|1a) bālī ṭalbeyye tēk // ḏēd yḳawder w-yehmūm // we-hdeʾ leḳā ṣfēʾ||Lord, I ask you // He who is able and capable [of performing any deed] // and makes [the weather] calm and clear|
|2a) w-neṣwōl men amweǧ // wet neǧǧem līn lbūd // b-śōn ḏ-habzēʾ||Taking away the turbulent seas // when the rain-stars are triggered for us // with a sea-storm on the East Wind.|
|1b) ġayber hes tenḳawf // be-źhīr ḏ-ābrōt // tedḫīḫen hayyerēm||Unexpected news, you load up // on the back of pack-animals // and travel down the roads|
|2b) etteh ṣrōme ḥawṣawl // be-mdīnet aḥnōb // hel kesb we-ġlē [*krēm]||Until arriving just now // at the large town // where there is profit and gain [*generosity]|
|1c) ġayber śettel ke-nbēʾ // we-śnēǧ ḏ-heh ādīd // rōkeb we-ǧzē ḥmūl||The guests packed up and went with the news // people of dear relations // the traveller has brought [his] kin|
|2c) w-lyēh mṯemmənīn // yźayṭem erǧəḥāt // we-ḥmul l-boh myūl||To those who are precious // and take the grosser weight // that tips the scales to this very place.|
Group (a), the family of the bride, welcomes the guests with a couplet signifying their hope that the journey was an easy one. The poet, Sādayn Kalšāt, beseeches God (bālī) to quiet the waves during the summer monsoon season (ḫarf). Ṣaḳr is a fishing village and the ocean is closed to traffic during the monsoon months due to strong winds, powerful currents, and ripping tides. Knowing the time of the season is critical for the fishermen of al-Mahra because the ocean can go from placid to deadly in a single day during the transitional periods and stay that way for months. Each month is broken into a period of twelve days, and each period has its corresponding constellation (neǧǧem). The sea storms (śōn) come when the rain constellations are “struck” or “triggered” (lbūd). When the storms do come, they arrive on the East Wind (ezyīb), which is perhaps rendered here with metathesis and the archaic definite article as habzēʾ.

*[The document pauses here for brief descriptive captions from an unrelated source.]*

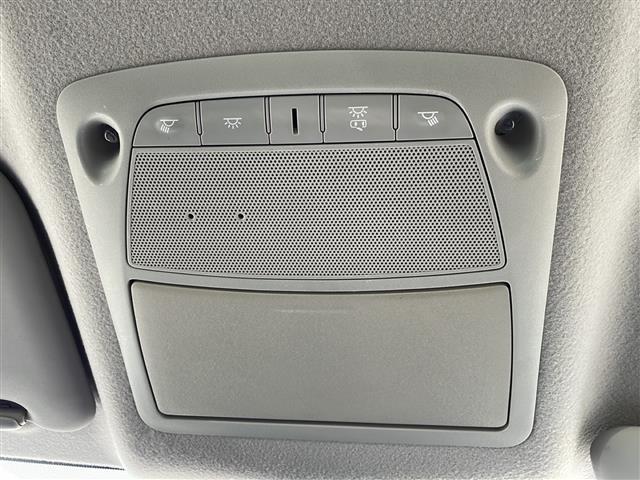 シルフィ Ｇ　純正ナビ／ＣＤ／ＳＤ／フルセグ　Ｂカメラ　純正ＨＩＤ　純正フォグ　オートライト　純正１６インチＡＷ　革巻ステア　横滑り防止　スマートキー　ドラレコ　フロアマット　ドアバイザー　ＥＴＣ（20枚目）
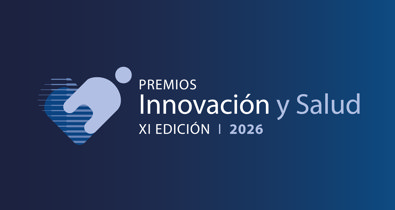 Comunicados Empresas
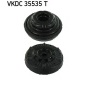 VKDC35535T Опоры амортизатора комплект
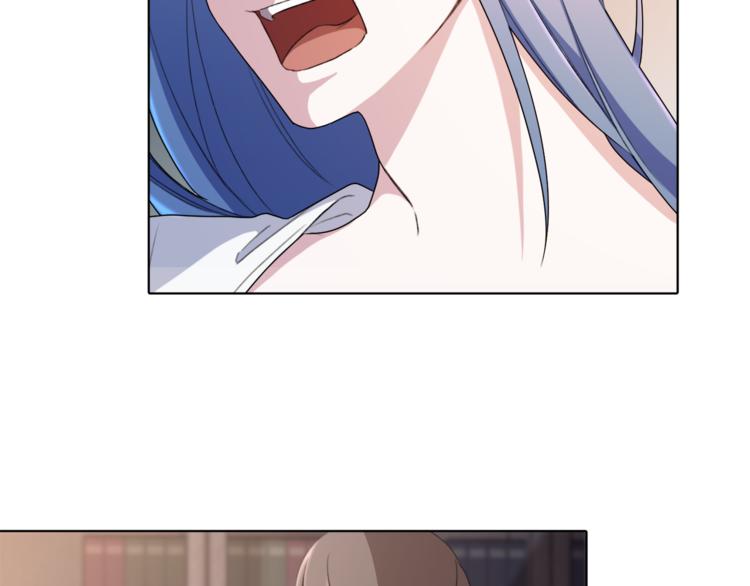 第0话 诞生85
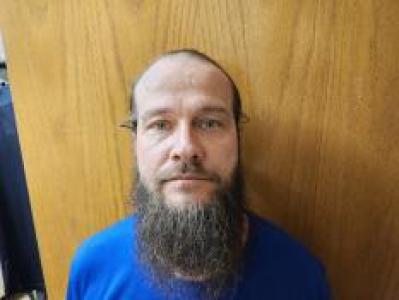 Charles Russell Bradley a registered Sex Offender of Colorado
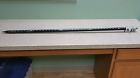 5129-70-tnl Trimble Carbon Fiber Robotics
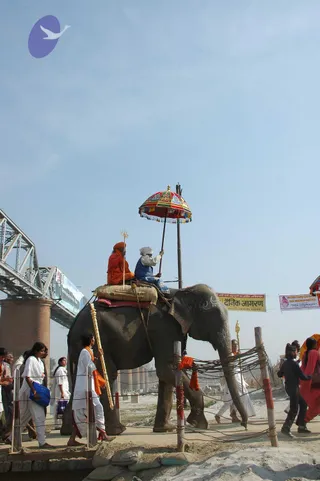 2007-KumbhMela-Allahabad-from-Jan-18th-to-25th
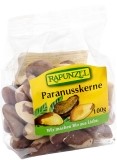 Rapunzel Noix du Brésil décortiquées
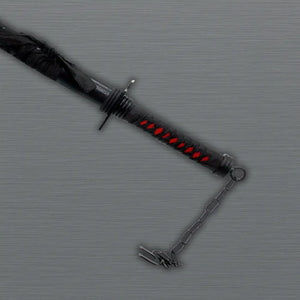 Anime Ichigo Bankai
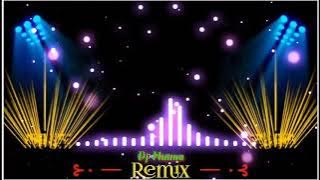 Hole Hole Sambalpuri Dj Song.Dj Munna Exclusive.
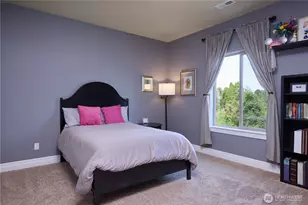 404 Coyote Ridge Dr, Walla Walla, WA 99362 - Photo 18
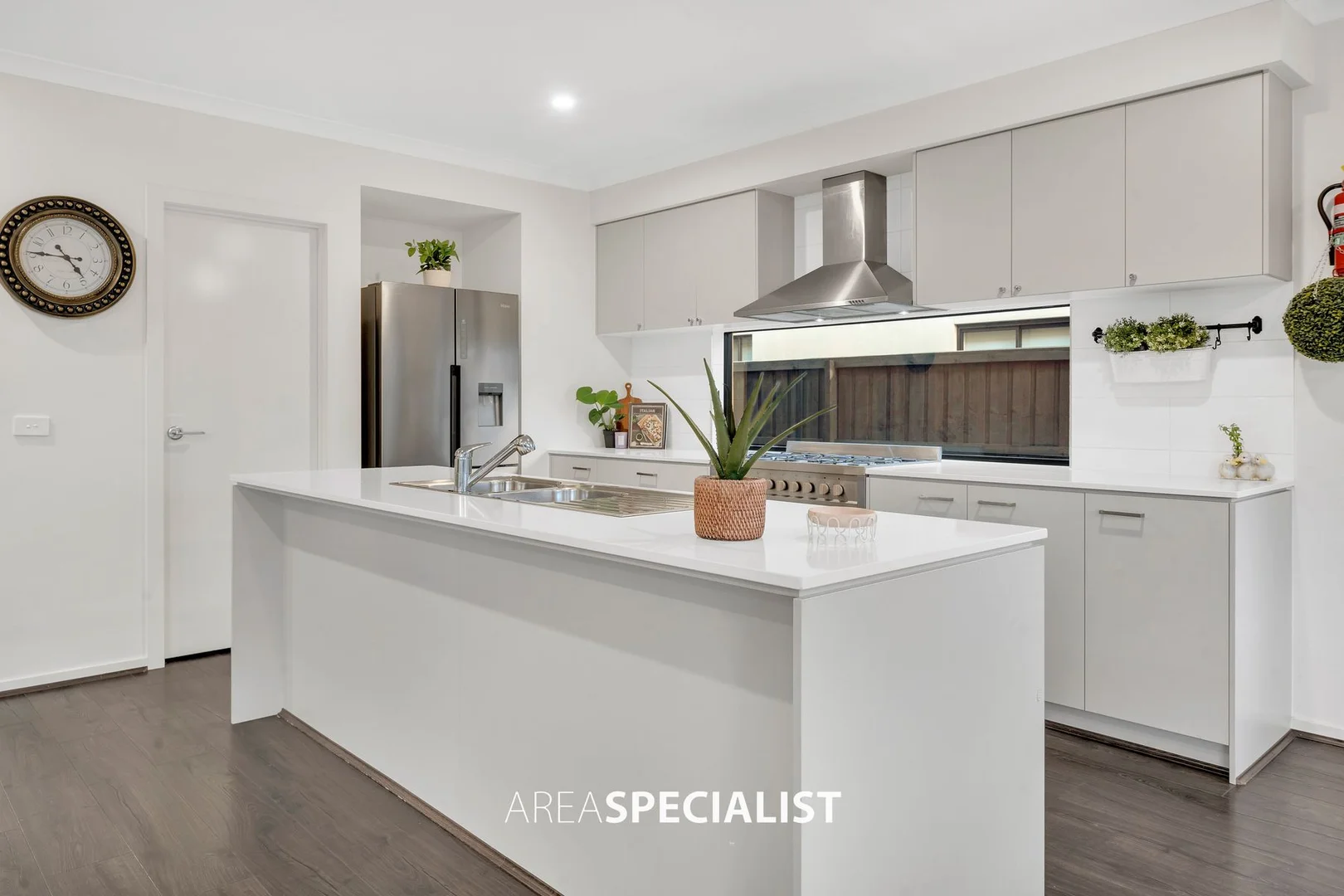 Additional image 9 of 78 Smiths Lane, Clyde North VIC 3978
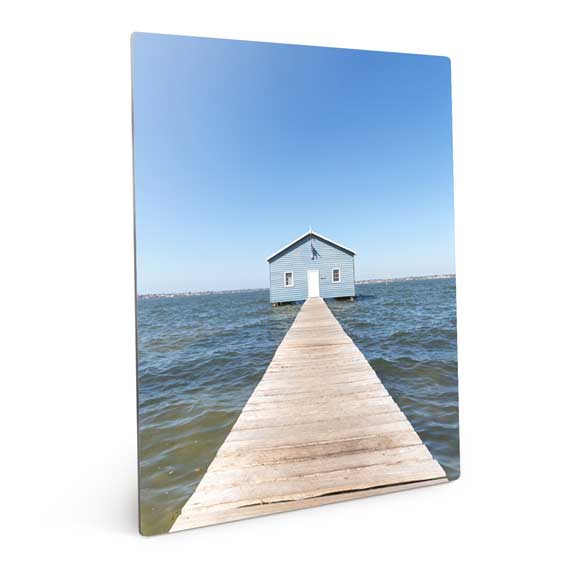 Icon Tabletop Panel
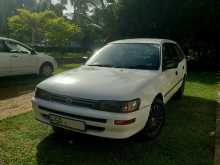 https://riyasewana.com/uploads/toyota-corolla-wagon-1997-29415412022.jpg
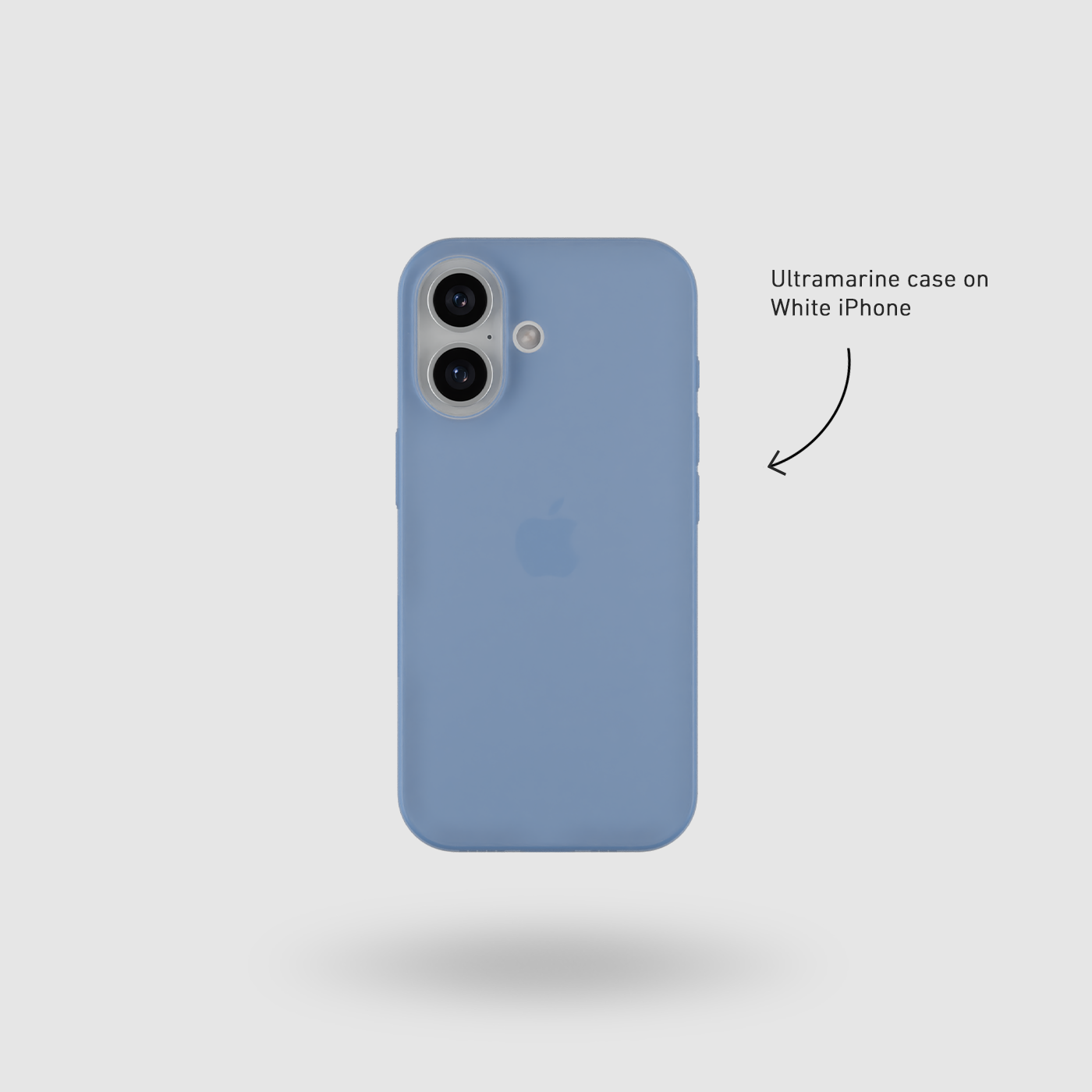 Super Thin iPhone 16 Case - Image 5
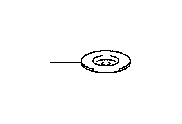 View 416540E020 Full-Sized Product Image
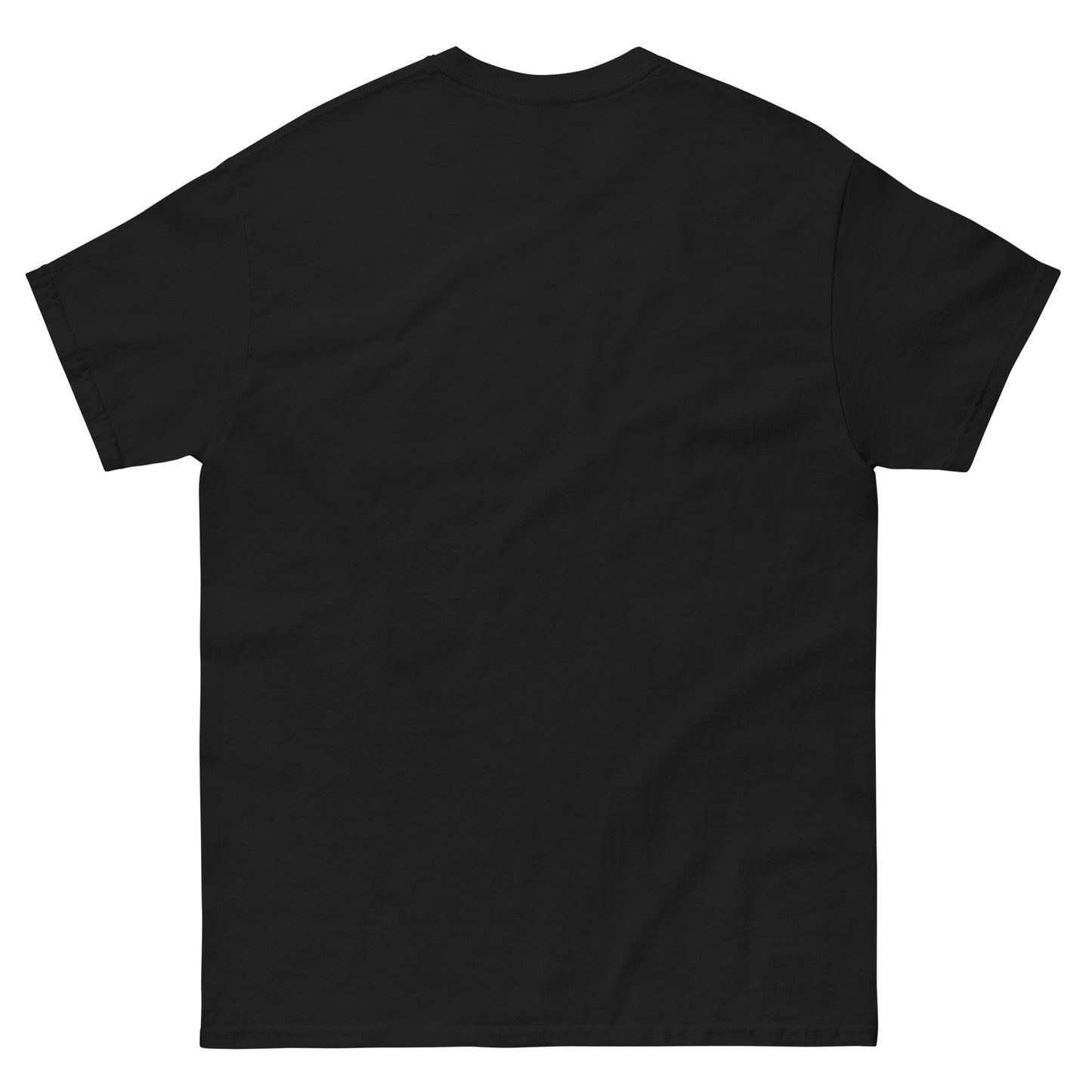 HEARTBREAKER Men's classic T-shirt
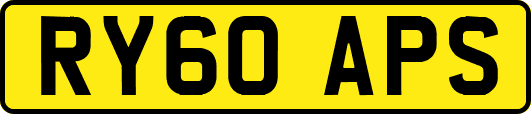 RY60APS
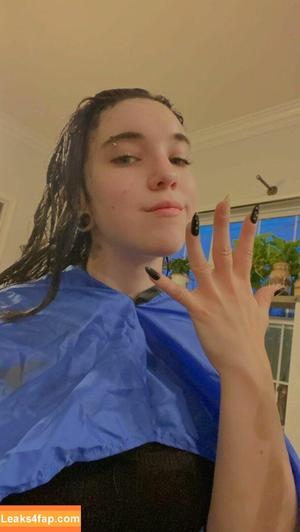 amberthevalkyrie photo #0031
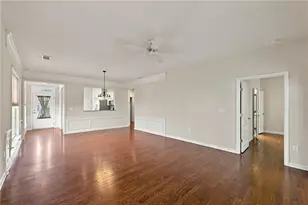 6235 Ivy Stone Way, Hoschton, GA 30548 - Photo 5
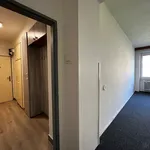 Rent 2 bedroom apartment in Bruntál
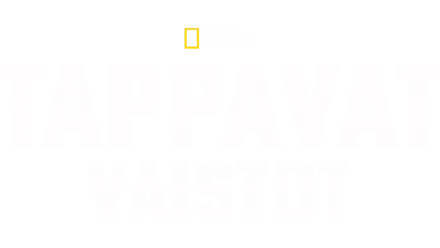 Tappavat vaistot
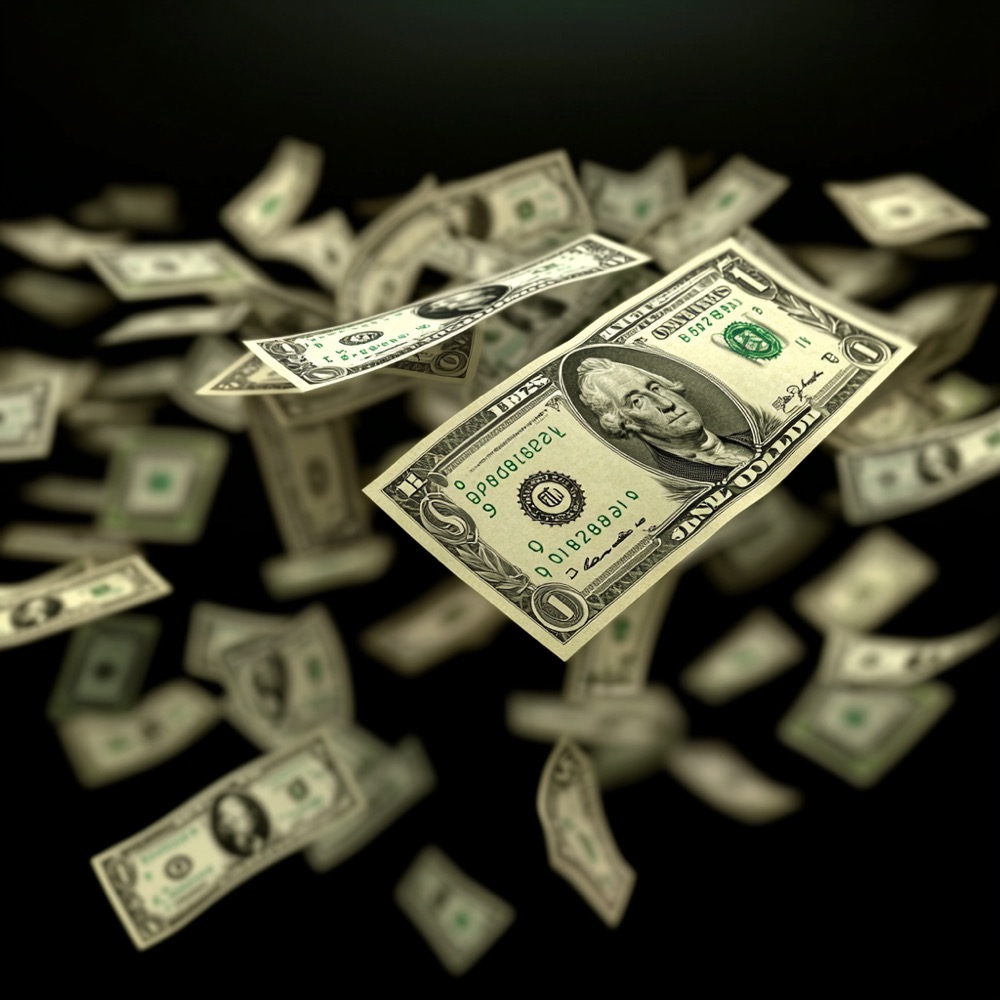 Personal Finance Mastery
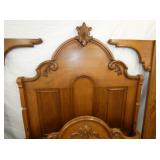 VIEW 2 CLOSEUP NICE LARGE RAILS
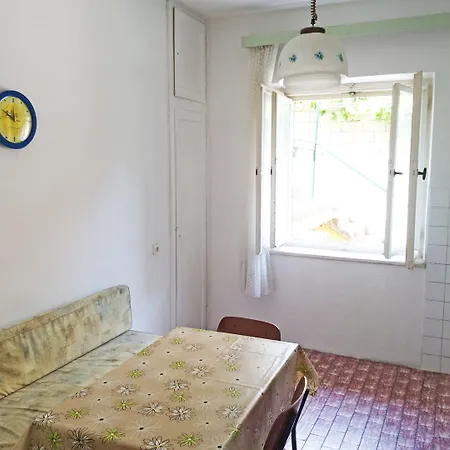 House Apartment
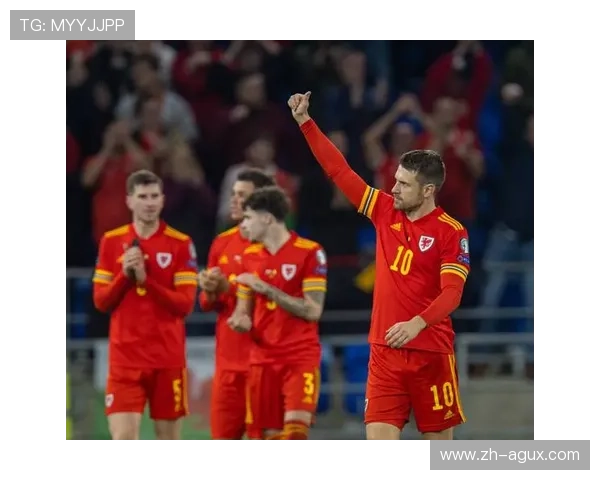 英超中的威尔士球队：来自威尔士的英超参赛球队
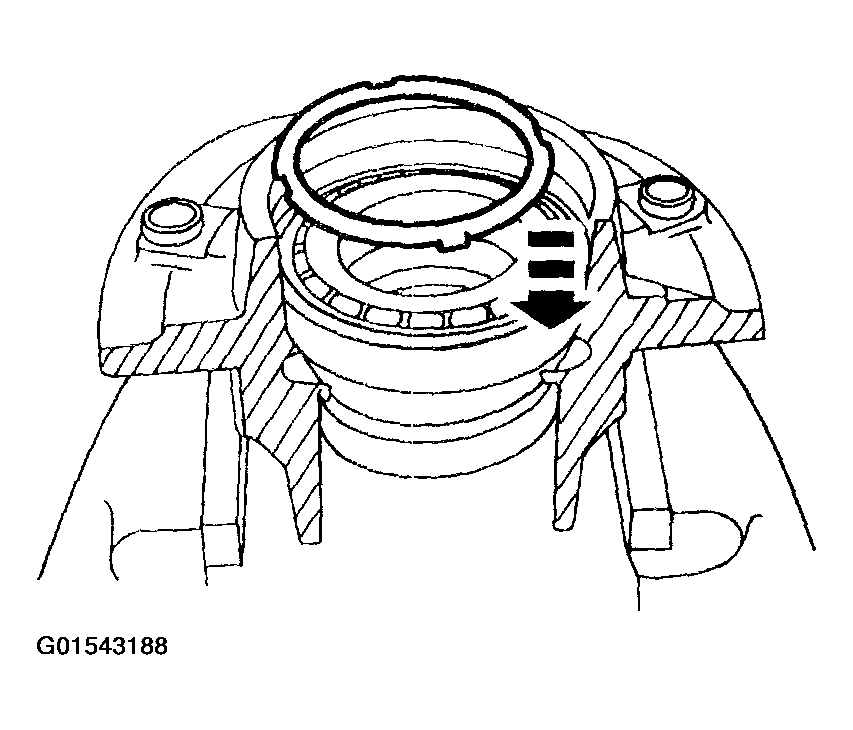 G01543188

The poet of Group (b), the family of the groom, playfully describes their journey as a type of business trip. Thus, the family of the groom loaded up their beasts of burden and set out as soon as they heard the good news. Ṣaḳr is a small village, so describing it as mdīnet aḥnōb (“a big city”) is probably tongue in cheek, but not kesb we-ġlē [or krēm] (“profit and gain”), which points to both the value of the bride-to-be and also the hosts’ generosity. This couplet can also be understood as a description of the groom who has loaded his camel with merchandise to trade with “the people of the city” (Ṣaḳr) for a profit (his bride). Thus, the groom is depicted as a young man of means and ambition who is willing to take a journey for substantial gain.
In a similar vein, the guests of Group (c) emphasize their kinship to the parties involved; śnēǧ ḏ-heh ādīd and ǧzē are two phrases that signify the closeness of their mutual blood ties. Building on the imagery from the previous couplet, the poet of Group (c) uses the language of the marketplace. Their hosts are thus “precious” (mṯemmənīn), and the poet’s regard is like a scale on which their friendship to the hosts has taken “the grosser weight” (yźayṭem erǧəḥāt). The implication here is that the hosts ought to requite the high opinion held of them by both Groups (b) and (c) in the form of a lunch of rice and meat. In short, this exchange has the hallmarks of friendly banter between close friends and family: humorous, affectionate, and slightly badgering.